With pictures left out, retype the lines from the start of the records through the one that contains "TOPENS A8 Automatic".

══ Data to process

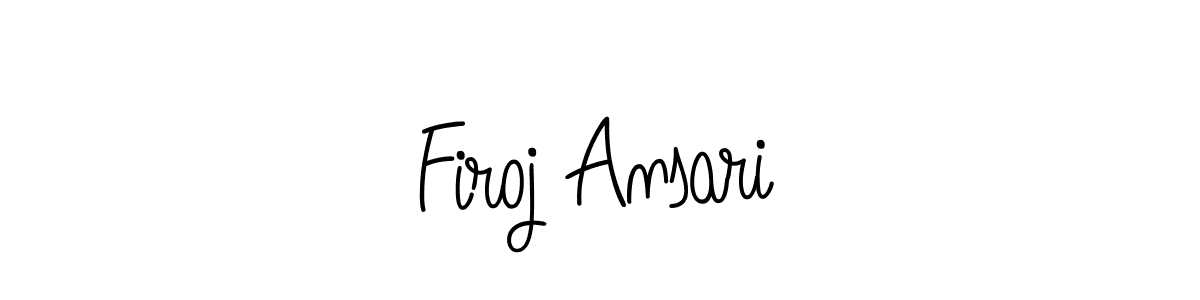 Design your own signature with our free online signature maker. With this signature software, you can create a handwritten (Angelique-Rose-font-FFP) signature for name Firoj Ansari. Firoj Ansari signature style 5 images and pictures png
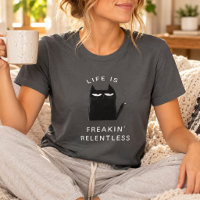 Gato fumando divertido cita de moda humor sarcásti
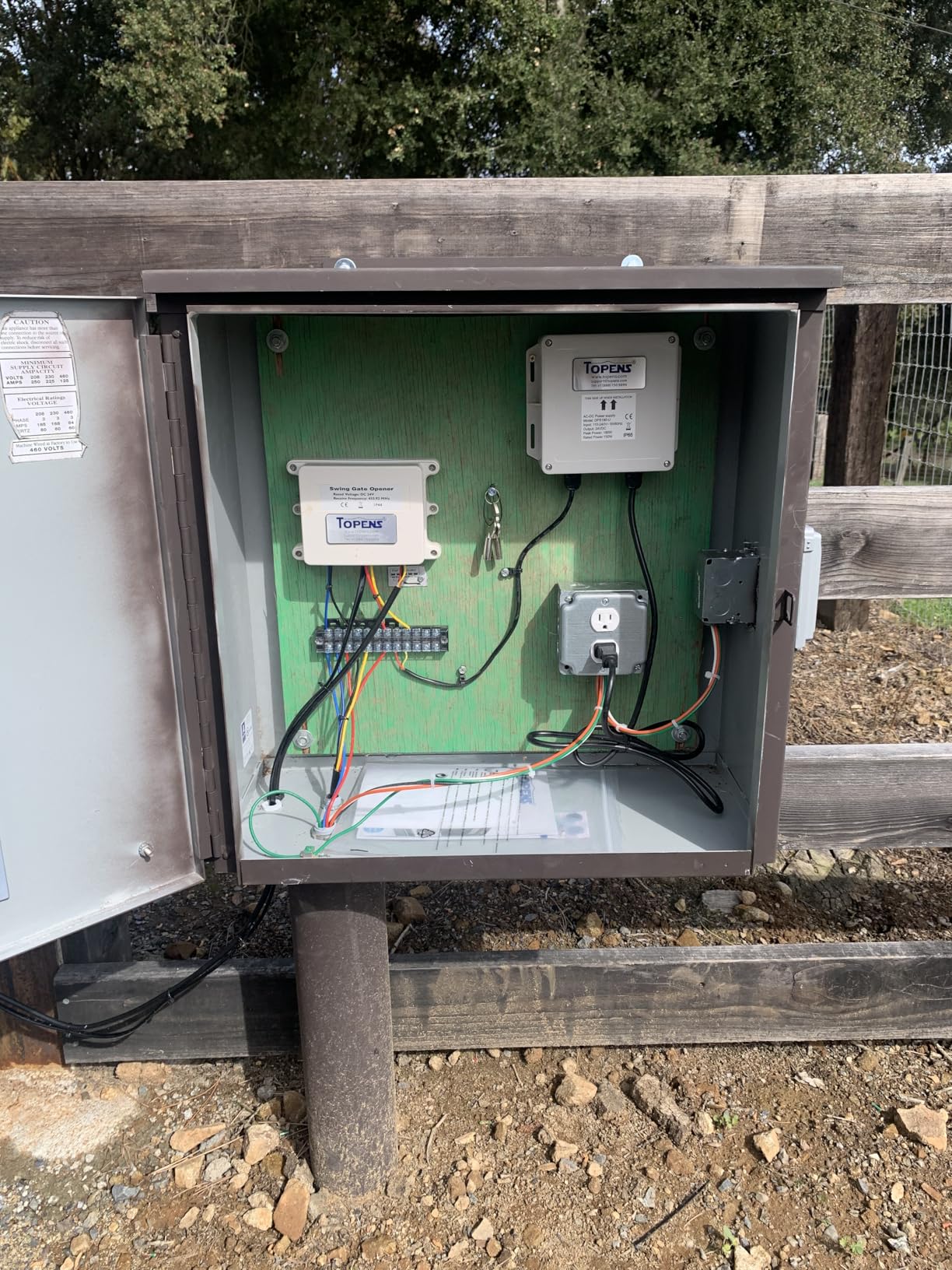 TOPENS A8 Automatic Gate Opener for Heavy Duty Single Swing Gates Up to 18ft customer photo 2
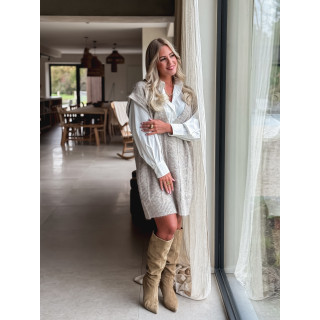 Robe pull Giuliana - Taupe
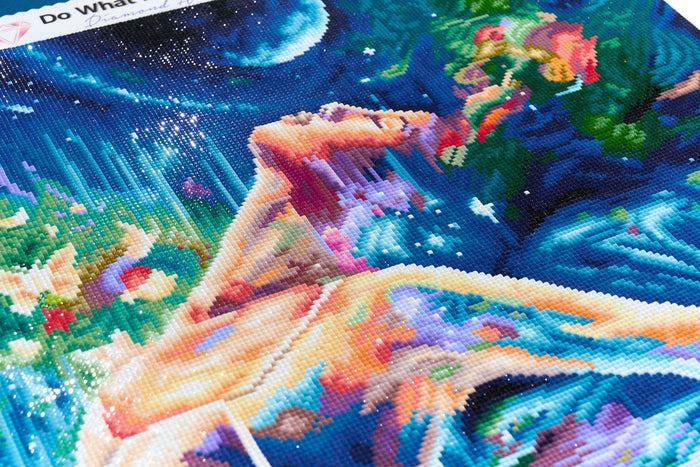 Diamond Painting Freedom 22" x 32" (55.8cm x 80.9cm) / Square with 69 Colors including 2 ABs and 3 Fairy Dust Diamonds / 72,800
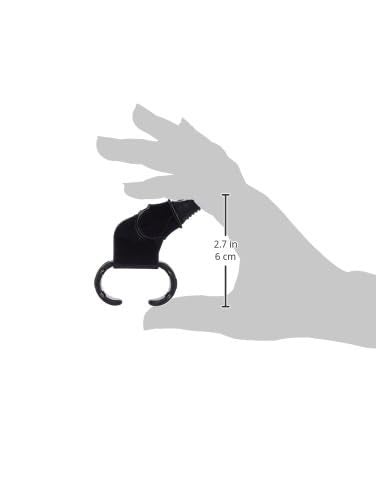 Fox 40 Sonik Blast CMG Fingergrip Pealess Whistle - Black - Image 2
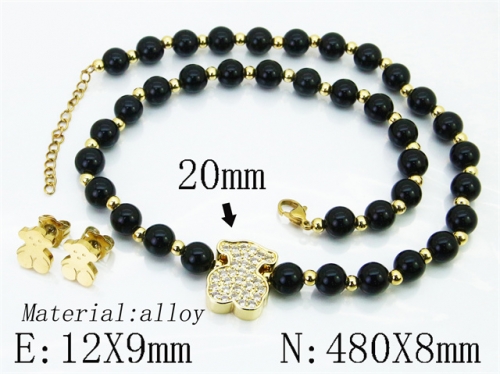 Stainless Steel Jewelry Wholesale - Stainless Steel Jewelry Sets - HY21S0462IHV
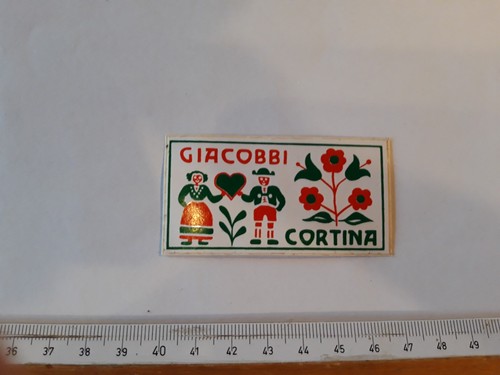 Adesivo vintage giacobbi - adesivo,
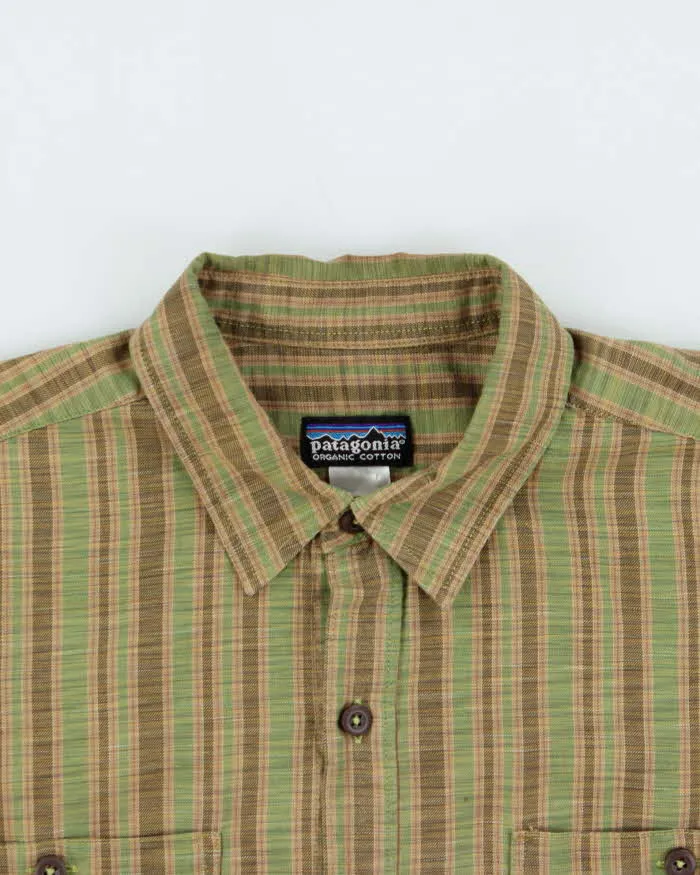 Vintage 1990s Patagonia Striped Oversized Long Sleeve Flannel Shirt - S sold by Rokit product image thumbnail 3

════

__Exercise solution__.
 Design your own signature with our free online signature maker. With this signature software, you can create a handwritten (Angelique-Rose-font-FFP) signature for name Firoj Ansari. Firoj Ansari signature style 5 images and pictures png
 Gato fumando divertido cita de moda humor sarcásti
 TOPENS A8 Automatic Gate Opener for Heavy Duty Single Swing Gates Up to 18ft customer photo 2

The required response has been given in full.